**What you are asked to do**
Restate word for word the section of the entries that opens at the line containing "Typography, white flowers, initials" and closes at the line containing "Beautiful Floral Contemplation", both lines kept, pictures dropped.

**Material for this task**
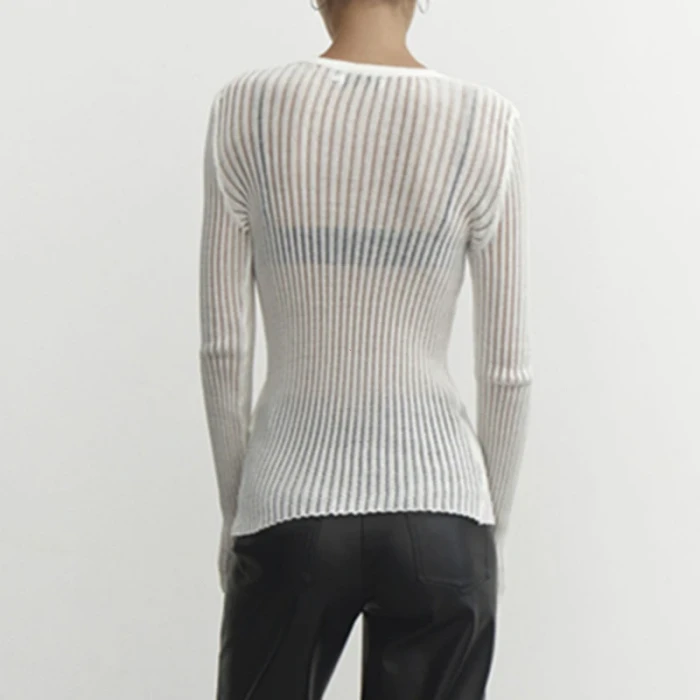 Women's White Striped See-through Long Sleeve Top
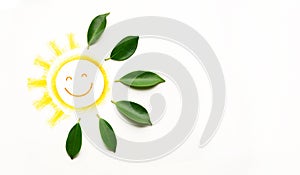 Green Energy Concepts. Smiling Sun with Green Leaf as Bright Shining Sun. Carbon Neutral and Emission ,ESG for Clean Energy.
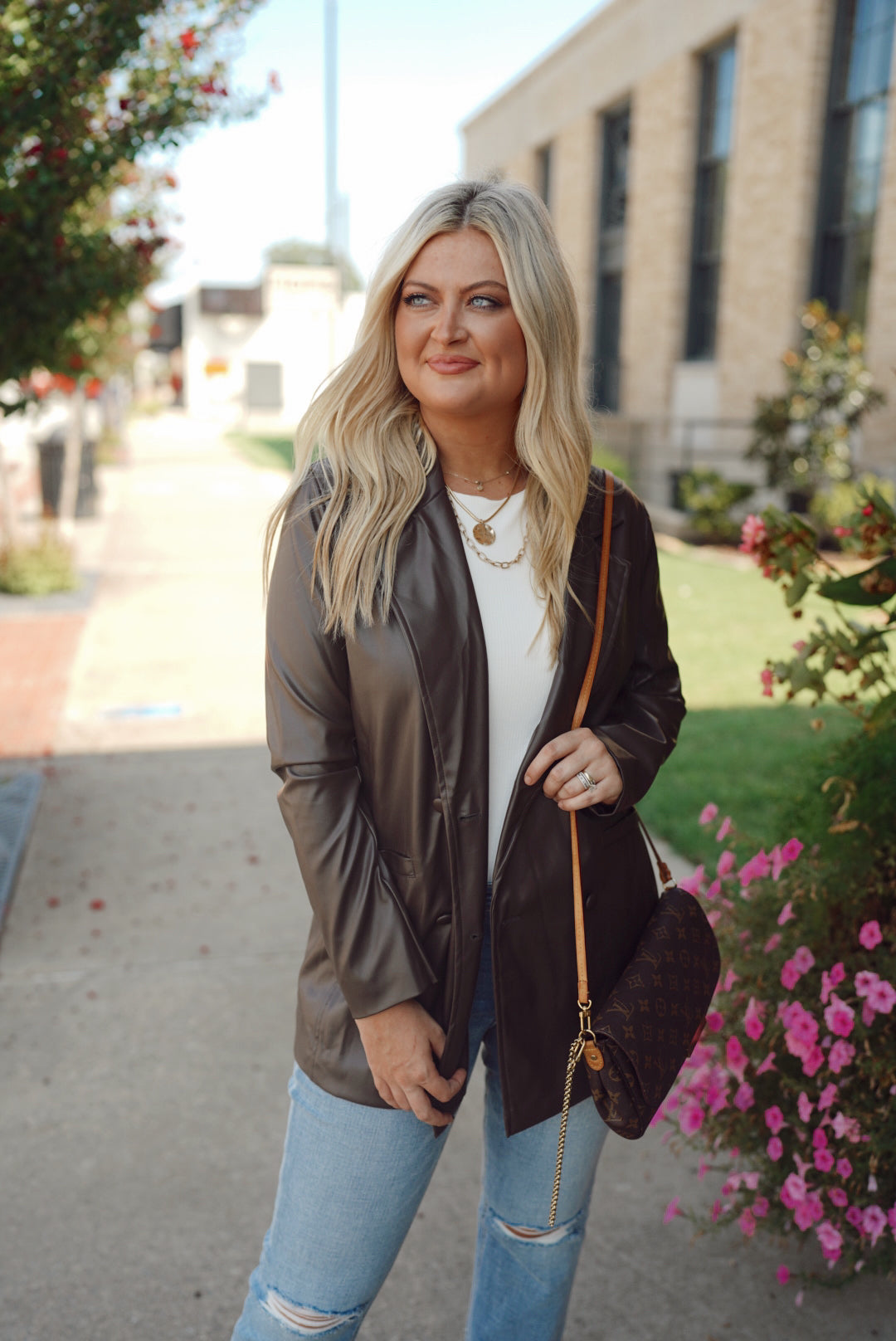 leather chocolate blazer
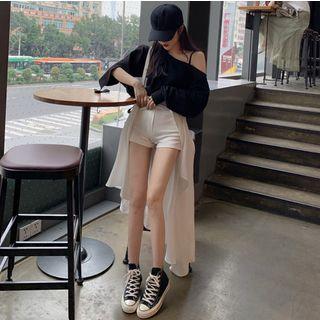 One-shoulder Plain Top / Shorts / Slited Skirt
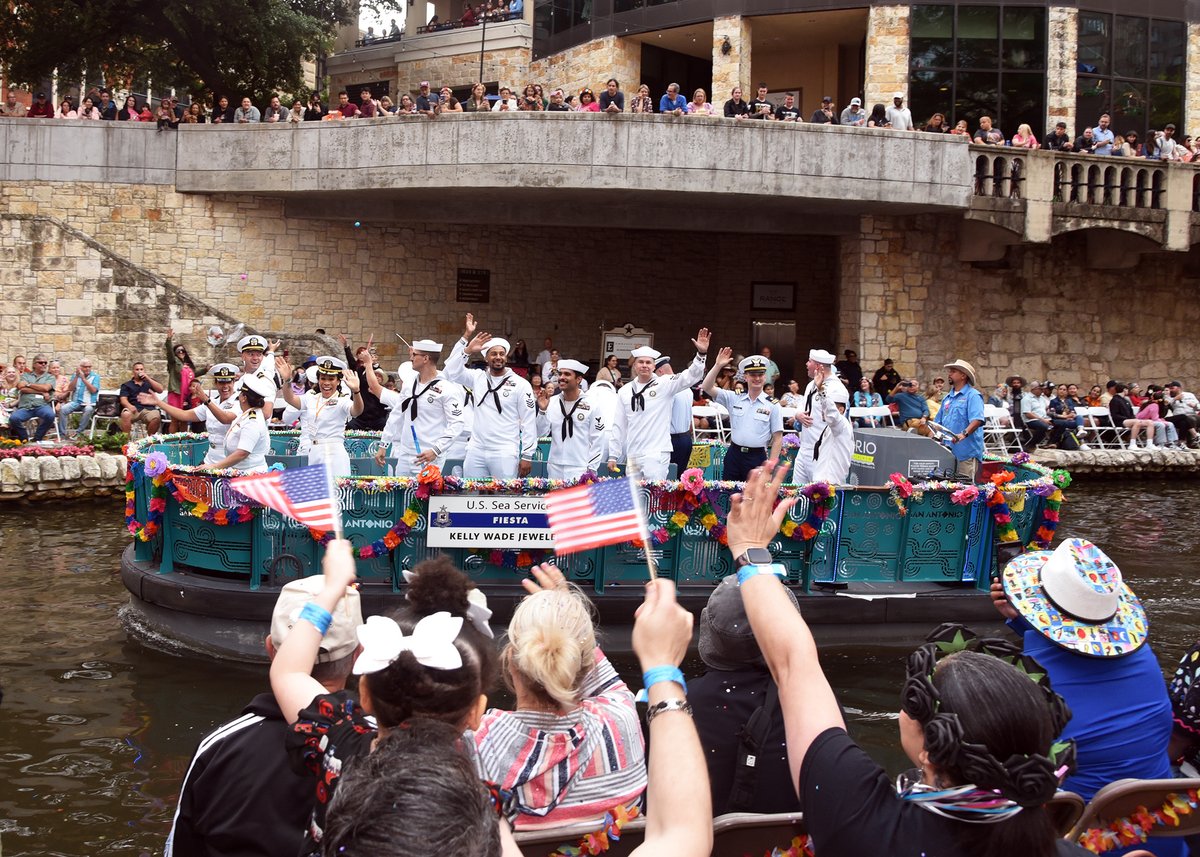 Navy Medicine Sailing in San Antonio. Sailors representing several naval commands, led by Rear Adm. Walter Brafford, commander, Naval Medical Forces Support Command, participated in the annual Texas Cavaliers River Parade at The San Antonio River Walk during Fiesta San Antonio.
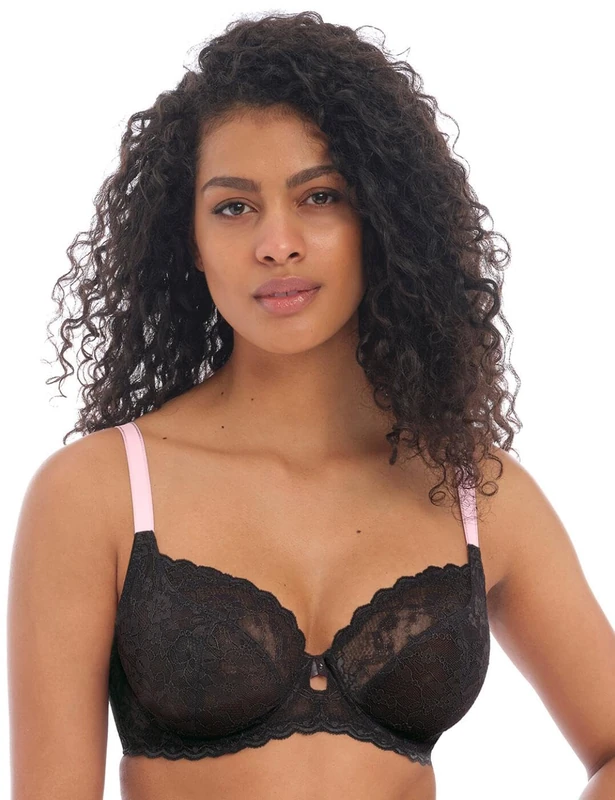 Freya Women's Offbeat Underwire Plunge Bra, Sheer, Black, 34F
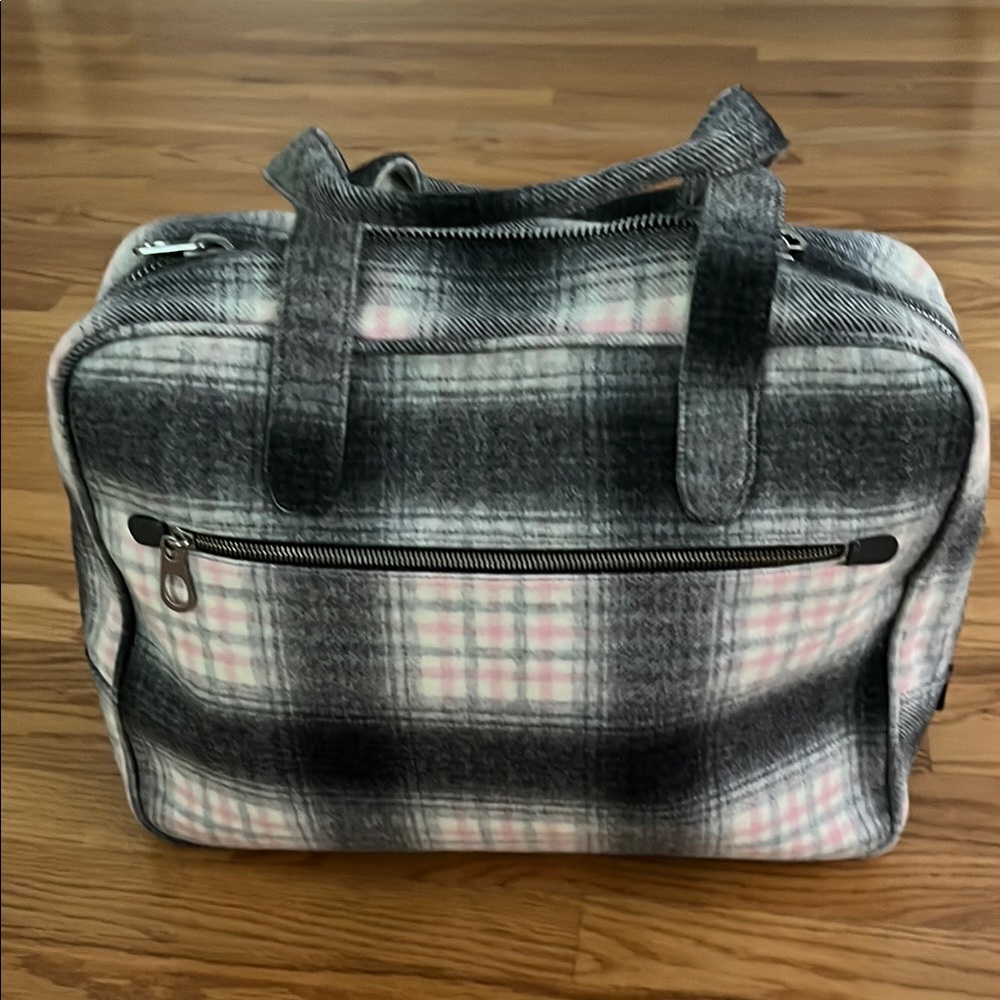 Black Fleece by Thom Browne Plaid Gray and Pink Tote Bag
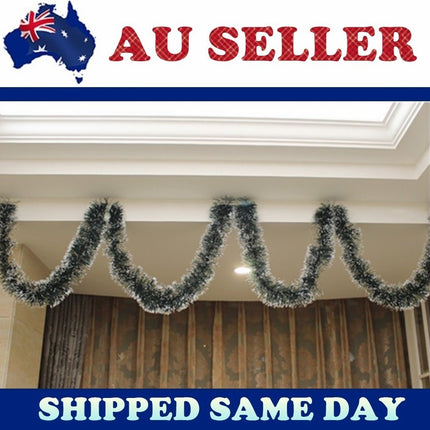 5x 2.5M Christmas Snow Tips Tinsel Garland Snowflakes Natural Decor Ornaments - Zmart Australia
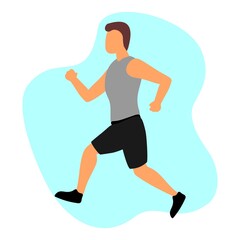 Fototapeta na wymiar Vector illustration of a person running. Sports.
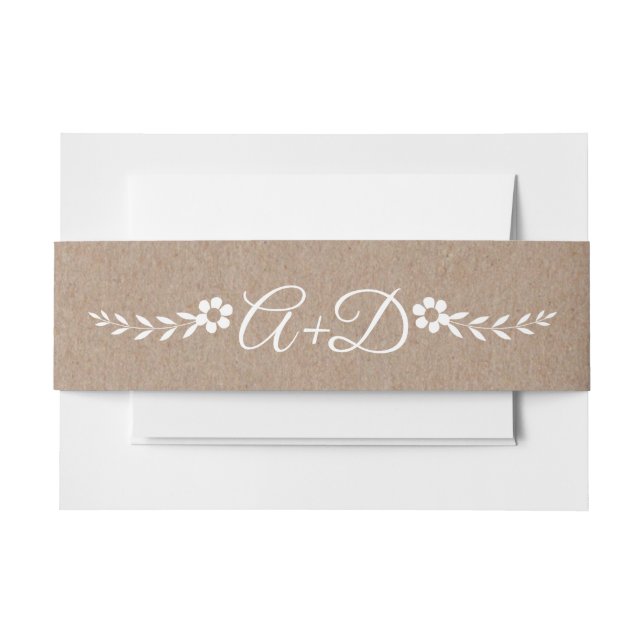 Typography, white flowers, initials rustic wedding invitation belly band (Front Example)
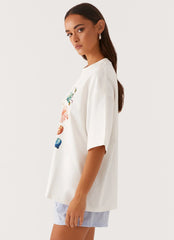 Born To Have Fun Oversized Tee - White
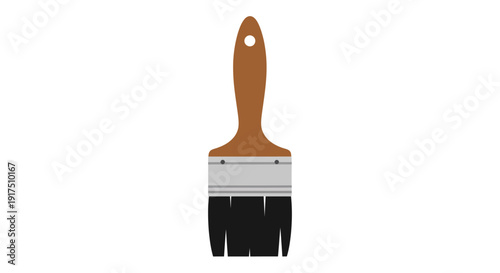 Paintbrush with wooden handle and black bristles.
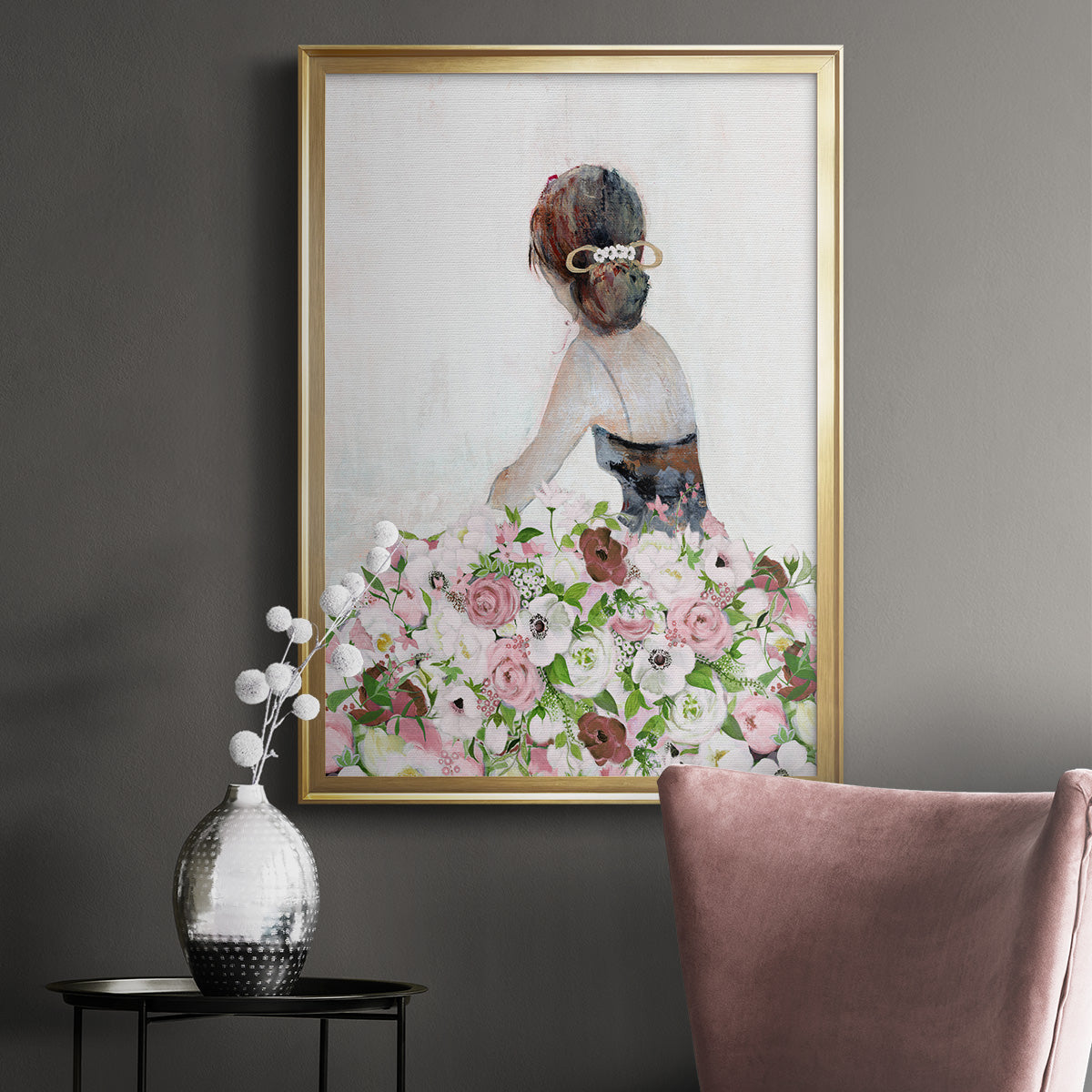 Beautiful Floral Contemplation II - Modern Framed Canvas Print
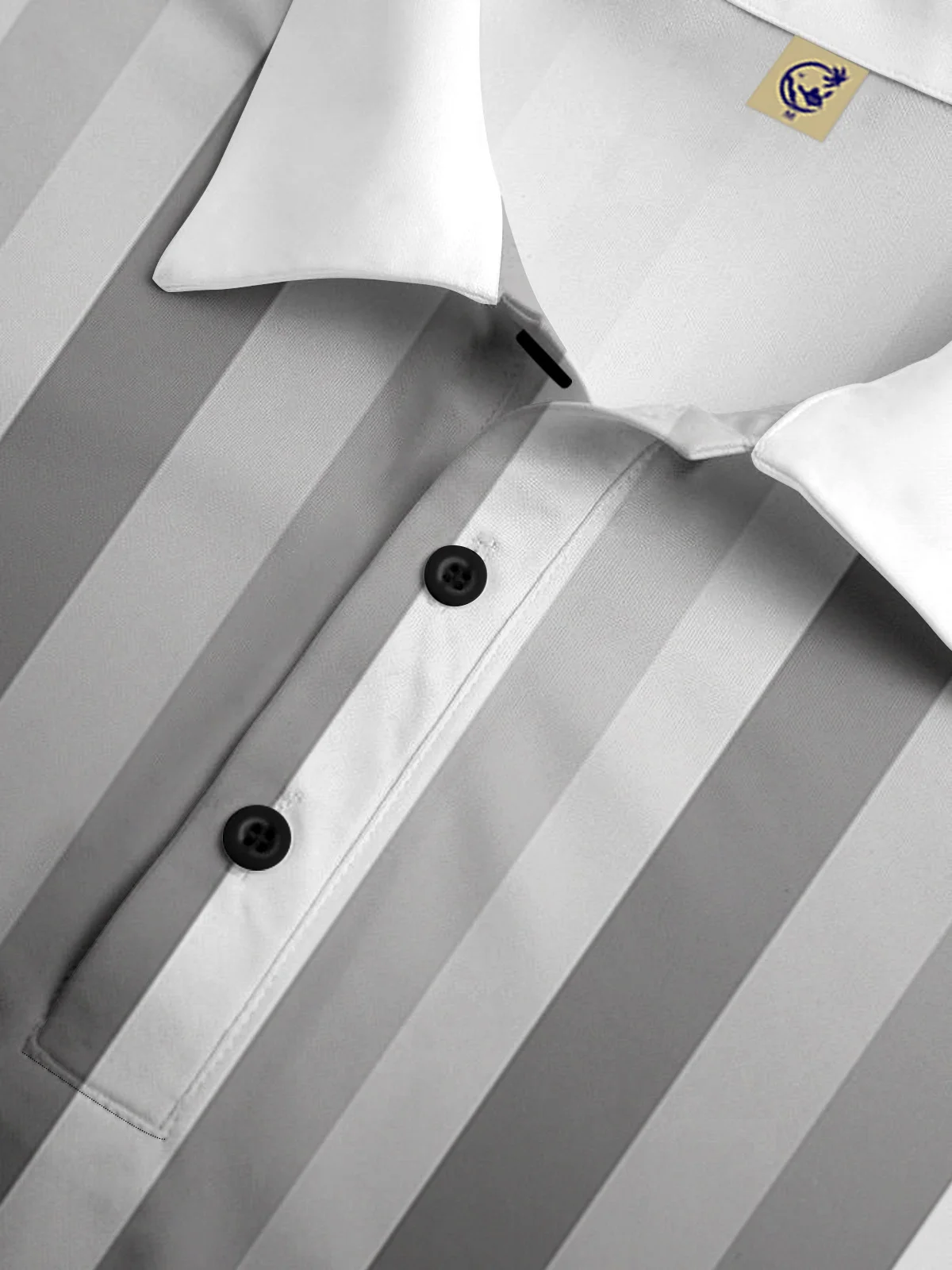 Hardaddy Casual Art Collection Gradient Striped Geometric Pattern Lapel Short Sleeve Polo Print Top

**Expected output**
 Typography, white flowers, initials rustic wedding invitation belly band (Front Example)
 Born To Have Fun Oversized Tee - White
 Paintbrush with wooden handle and black bristles.
 Beautiful Floral Contemplation II - Modern Framed Canvas Print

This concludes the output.